Not that she worried about her weight. Nothing ever worried Nora Brown. She was easygoing, easy to please and easy to love. If she had a fault it was her tendency to be blunt with others at times. She was not rude, just a little tactless on occasion. Still, everyone loved her—especially her husband, Morris.
A very handsome man, Morris Brown could have had his pick of any number of local girls. He’d chosen Nora, who was short, plump, dark, and very ordinary-looking.
It was a tribute to Nora’s totally natural self-esteem that she had never found this in any way amazing. She accepted Morris’s love as her due, and loved him back with all the love in her ample bosom. Twenty-two years later, they still adored each other.
‘Did I hear a car coming?’ Nora asked hopefully.
‘Flying, more like it,’ Angie said.
Her mother stepped forward, dark eyes twinkling, a wide smile on her homely face. ‘I’ll bet that’s my Buddy driving. Dear me, but he’s a naughty boy when he gets behind the wheel of a car. I hope his father’s still down on the river flats and can’t see this.’
The car came into view, sending some gravel flying as it lurched around a corner on its way up the hill to the house. Red and gleaming, it had silver wheels and the top down.
The sounds of its manic approach sent the dogs shooting out from underneath the weatherboard house, barking in force. A motley lot, there was a brown kelpie named Betsie, a blue cattle-dog cross named Fang and a black Labrador who’d been a guide dog reject, suitably called Max, after the hero in Get Smart.
‘Betsie! Fang! Max!’ Nora called out. ‘Stop that racket and get yourselves back under the house before you get run over.’
All three dived for cover just as the red Mercedes Sports came to a screeching halt at the bottom of the front steps. It wasn’t her brother’s Mercedes, Angie knew, since he didn’t own a car, but it was Bud behind the wheel all right; she saw that straight away. He was grinning his head off as he glanced down at his watch.

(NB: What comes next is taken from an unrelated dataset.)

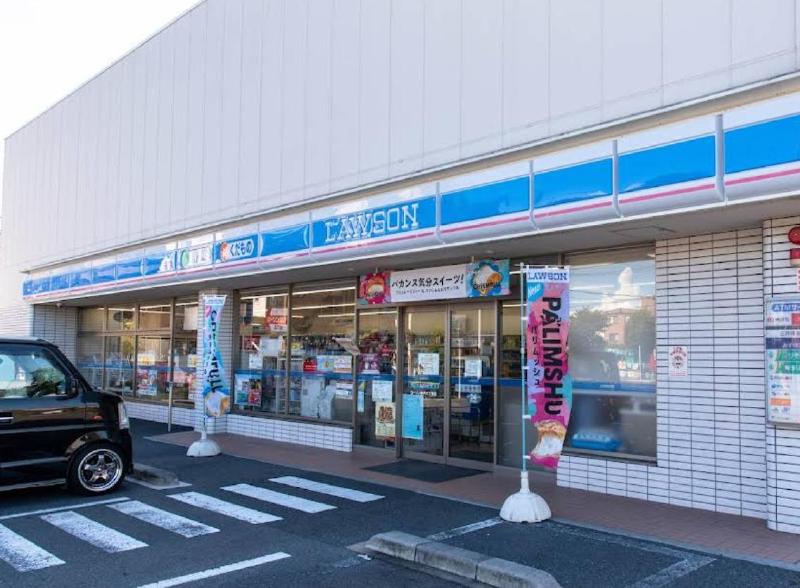 コンビニ　ローソン 青戸六丁目店（コンビニ）まで170m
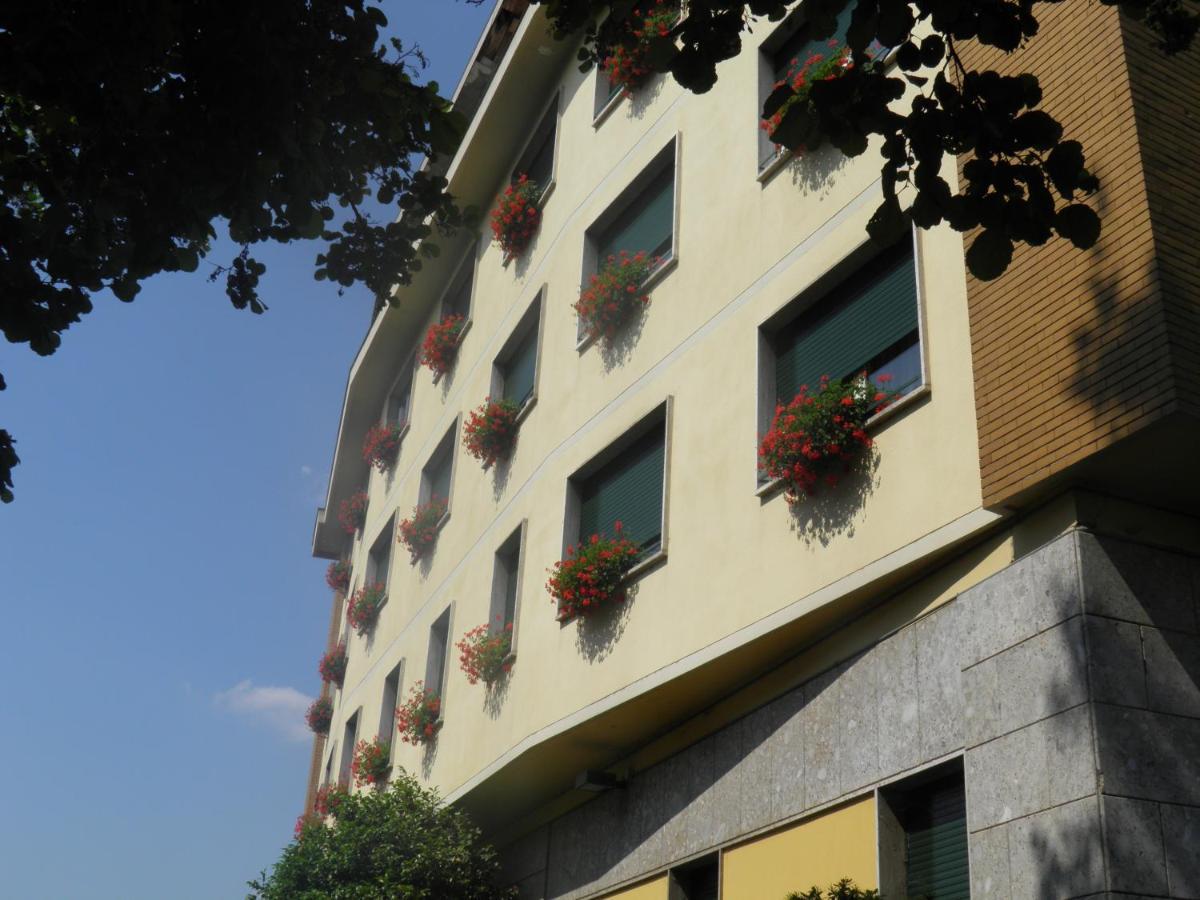 Hotel Ramoverde Borgomanero Exterior photo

‘Made it before noon by a whole thirty seconds!’ he exclaimed excitedly, then gave his passenger a smug look. ‘You owe me twenty dollars.’
The sound of a rich laugh sent Angie’s eyes swinging over to her brother’s friend, and her heart just stopped. As she stared his head turned slowly towards them, his hand lifting lazily to comb back his thick blond hair. He tipped up his perfectly sculptured face and set dancing blue eyes upon them, his laughing mouth showing dazzling white teeth and a dimple in his right cheek.
‘Hi,’ he said. ‘I’m Lance.’
‘Hi there, Mum,’ Bud called out. ‘Hope we didn’t scare the chooks too much.’
‘Yes, sorry about the ruckus, Mrs Brown,’ Bud’s friend apologised, still smiling that overwhelmingly engaging smile of his. ‘Your son here is insane when it comes to winning a bet.’
‘That’s all right, young man,’ Nora returned. ‘I already know my Buddy’s weaknesses, as well as his strengths. One seems to be picking very nice friends.’
Bud groaned. ‘For pity’s sake, Mum, don’t flatter him. He’s already got a head as big as the Sydney Harbour Bridge.’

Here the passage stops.